Question: The acceleration time graph of a particle moving along a straight line is shown in figure. Initial v...

Question

The acceleration time graph of a particle moving along a straight line is shown in figure. Initial velocity is zero.

Answer 1

Solution

The problem provides an acceleration-time (a-t) graph for a particle moving along a straight line, with an initial velocity of zero ( $u=0$ ). We need to evaluate the given options.

1. Analyze the a-t graph:

From $t=0$ to $t=2$ s, the acceleration increases linearly from $0$ to $4 \text{ m/s}^2$ . The equation for acceleration in this interval is $a(t) = \frac{4-0}{2-0}t = 2t \text{ m/s}^2$ .
From $t=2$ to $t=5$ s, the acceleration decreases linearly from $4 \text{ m/s}^2$ to $0 \text{ m/s}^2$ . The equation for acceleration in this interval can be found using two points $(2,4)$ and $(5,0)$ :
Slope $m = \frac{0-4}{5-2} = -\frac{4}{3} \text{ m/s}^3$ .
Equation: $a - 0 = -\frac{4}{3}(t - 5) \implies a(t) = -\frac{4}{3}(t - 5) \text{ m/s}^2$ .

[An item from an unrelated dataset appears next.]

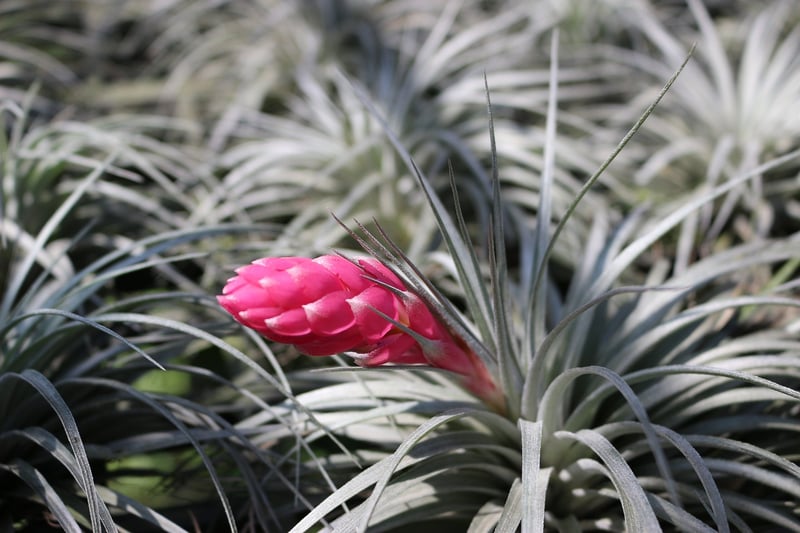 Air Plant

2. Evaluate Option A and B (Maximum velocity):

The change in velocity ( $\Delta v$ ) is given by the area under the a-t graph. Since the initial velocity is zero, the velocity at any time $t$ is equal to the area under the a-t graph from $0$ to $t$ .
Since the acceleration is always non-negative ( $a \ge 0$ ), the velocity will continuously increase or remain constant. Therefore, the maximum velocity will occur at the end of the motion, i.e., at $t=5$ s.
The total area under the a-t graph from $t=0$ to $t=5$ s is the area of the triangle:
$\text{Area} = \frac{1}{2} \times \text{base} \times \text{height} = \frac{1}{2} \times (5 \text{ s}) \times (4 \text{ m/s}^2) = 10 \text{ m/s}$ .
Since $u=0$ , the maximum velocity $v_{max} = 0 + 10 \text{ m/s} = 10 \text{ m/s}$ .

Option A: Maximum velocity is 4 m/s (Incorrect).
Option B: Maximum velocity is 10 m/s (Correct).

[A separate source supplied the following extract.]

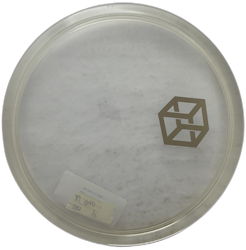 MD3 C-Line (9)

3. Evaluate Option C (Average acceleration):

Average acceleration is defined as the total change in velocity divided by the total time interval.
Average acceleration $= \frac{\Delta v}{\Delta t} = \frac{v(5) - v(0)}{5 \text{ s} - 0 \text{ s}}$ .
From step 2, $v(5) = 10 \text{ m/s}$ and $v(0) = 0 \text{ m/s}$ .
Average acceleration $= \frac{10 \text{ m/s} - 0 \text{ m/s}}{5 \text{ s}} = \frac{10}{5} \text{ m/s}^2 = 2 \text{ m/s}^2$ .

Option C: Average acceleration during $t = 0$ to $t = 5$ s is 2 m/s² (Correct).

4. Evaluate Option D (Distance covered in first 2 s):

To find the distance covered, we first need to find the velocity function $v(t)$ for $0 \le t \le 2$ s, and then integrate it.
For $0 \le t \le 2$ s, $a(t) = 2t$ .
Velocity $v(t) = \int a(t) dt = \int 2t dt = t^2 + C_1$ .
Given initial velocity $v(0) = 0$ , so $0^2 + C_1 = 0 \implies C_1 = 0$ .
Thus, $v(t) = t^2$ for $0 \le t \le 2$ s.
Distance covered in the first 2 s is $x(2) = \int_0^2 v(t) dt = \int_0^2 t^2 dt$ .
$x(2) = \left[ \frac{t^3}{3} \right]_0^2 = \frac{2^3}{3} - \frac{0^3}{3} = \frac{8}{3} \text{ m}$ .

Option D: Distance covered in first 2 s is $\frac{8}{3}$ m (Correct).

Conclusion:
Options B, C, and D are all correct.